▼▼▼
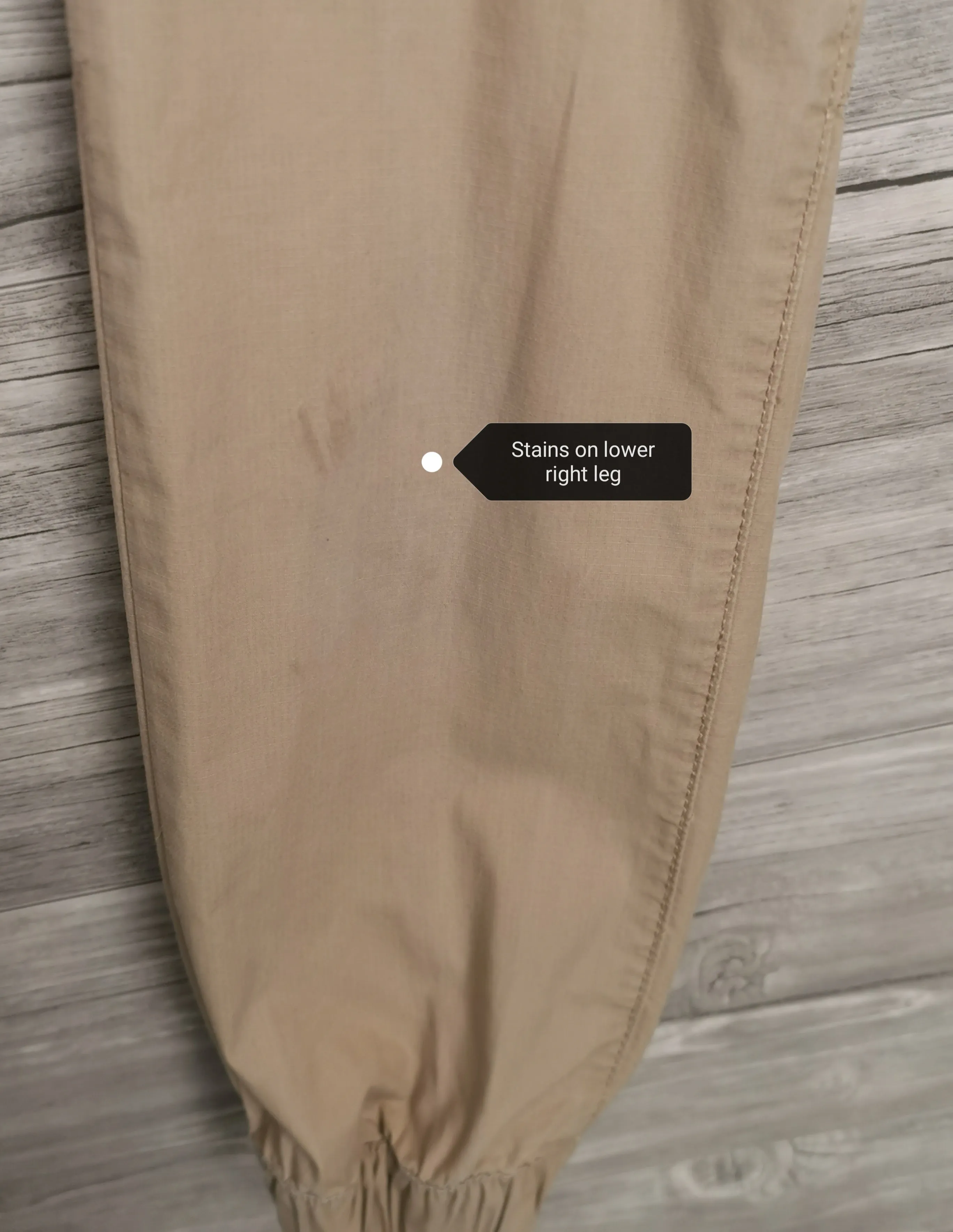 BOY SIZE 12 YEARS - TOMMY HILFIGER, Cream Cargo Pants VGUC B48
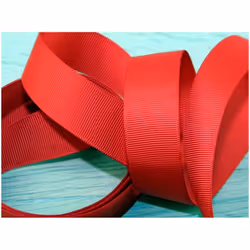 Prym 16mm Ribbed Polyester Tape Red - per metre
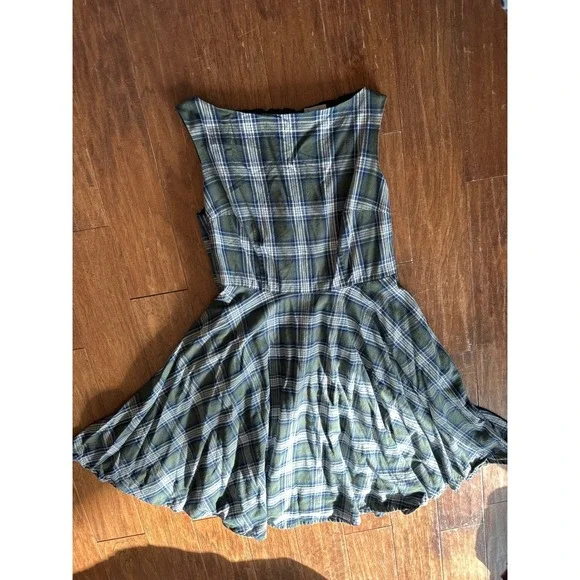 Magnolia Place 3XL Plus Size Plaid Print Sleeveless grunge 90s y2k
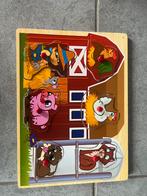 Houten puzzel met knopjes, Kinderen en Baby's, Speelgoed | Kinderpuzzels, Ophalen, Zo goed als nieuw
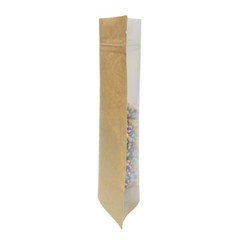 50/100 Clear Kraft Paper Resealable Stand Up Zipper Seal Lock Pouch Food Storage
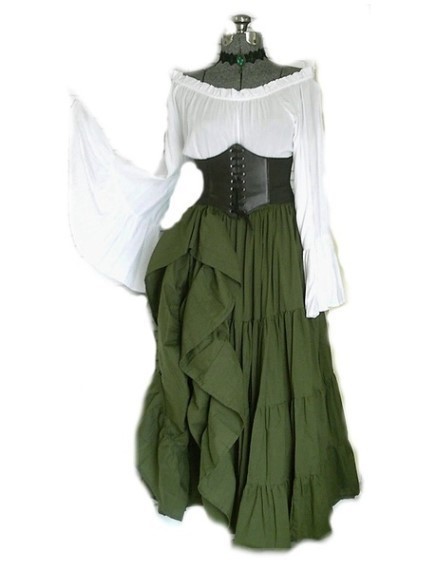 Gaun Lengan Panjang Pinggang T - Midi Dress ulasan dan harga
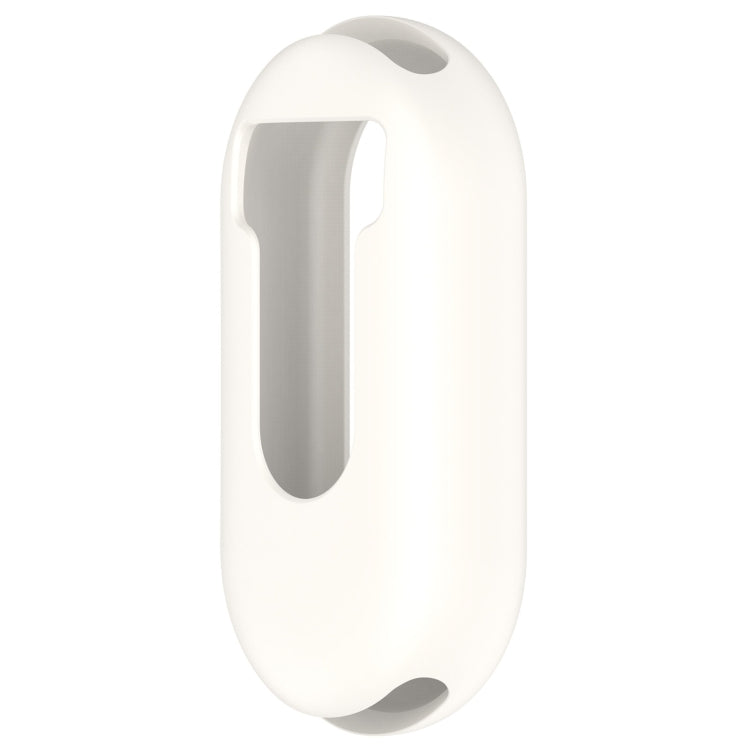 For Xiaomi Mi Band 8 Pure Color Silicone Watch Protective Case(Official White) - Watch Cases by PMC TechLife | Online Shopping South Africa | PMC TechLife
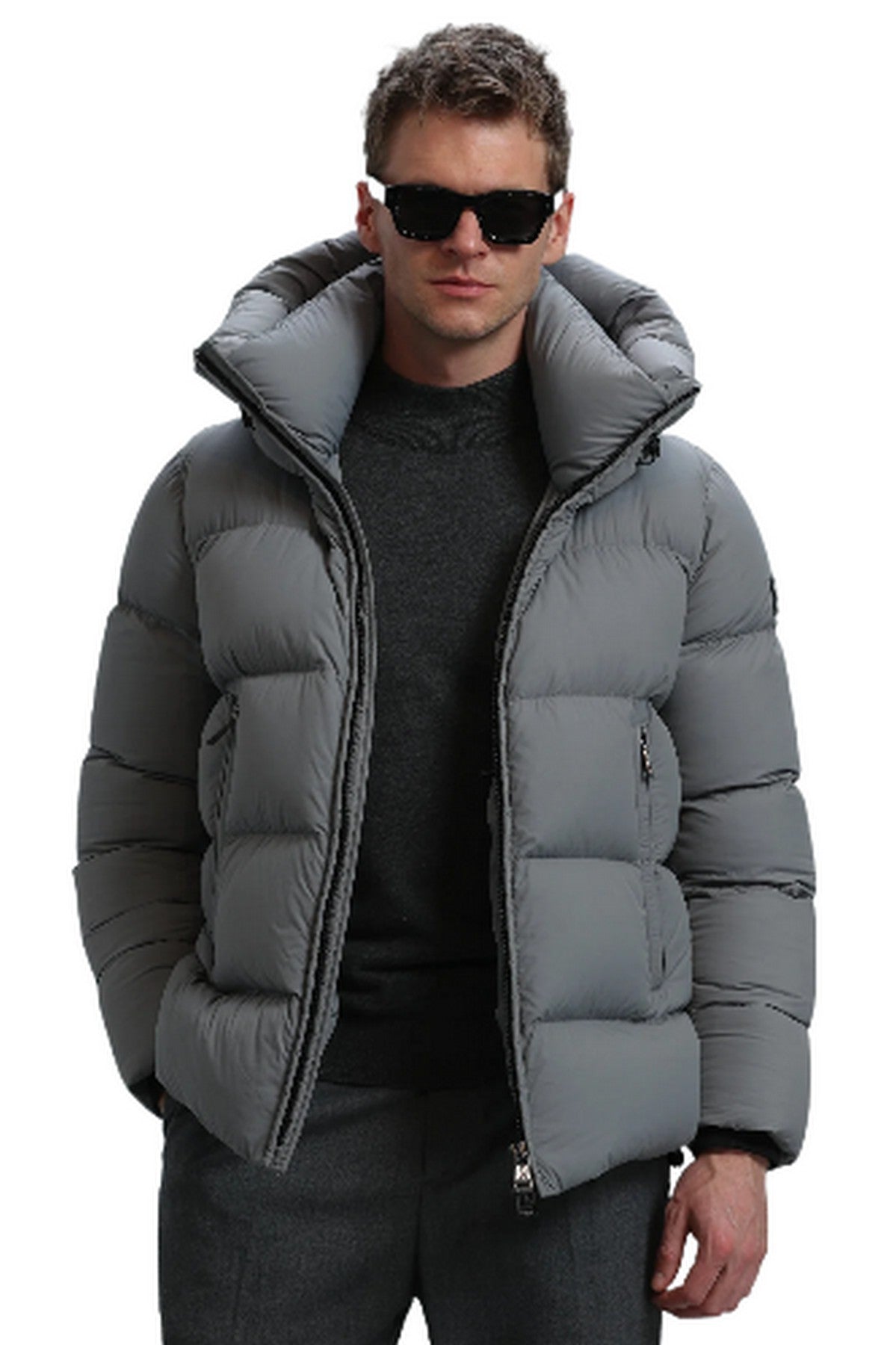 Lufian Oversize Minimalist Erkek Kışlık Mont - Regular Fit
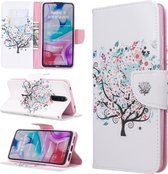 Voor Xiaomi Redmi 8 Gekleurde Tekening Patroon Horizontale Flip PU Lederen Case met Houder & Kaartsleuven & Portemonnee (Boom)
▲▲▲
Activity:
Leave out the pictures and output the rest of the material exactly as written.

Answer space:
 BOY SIZE 12 YEARS - TOMMY HILFIGER, Cream Cargo Pants VGUC B48
 Prym 16mm Ribbed Polyester Tape Red - per metre
 Magnolia Place 3XL Plus Size Plaid Print Sleeveless grunge 90s y2k
 Houten puzzel met knopjes, Kinderen en Baby's, Speelgoed | Kinderpuzzels, Ophalen, Zo goed als nieuw
 50/100 Clear Kraft Paper Resealable Stand Up Zipper Seal Lock Pouch Food Storage
 Gaun Lengan Panjang Pinggang T - Midi Dress ulasan dan harga
 For Xiaomi Mi Band 8 Pure Color Silicone Watch Protective Case(Official White) - Watch Cases by PMC TechLife | Online Shopping South Africa | PMC TechLife
 Lufian Oversize Minimalist Erkek Kışlık Mont - Regular Fit
 Voor Xiaomi Redmi 8 Gekleurde Tekening Patroon Horizontale Flip PU Lederen Case met Houder & Kaartsleuven & Portemonnee (Boom)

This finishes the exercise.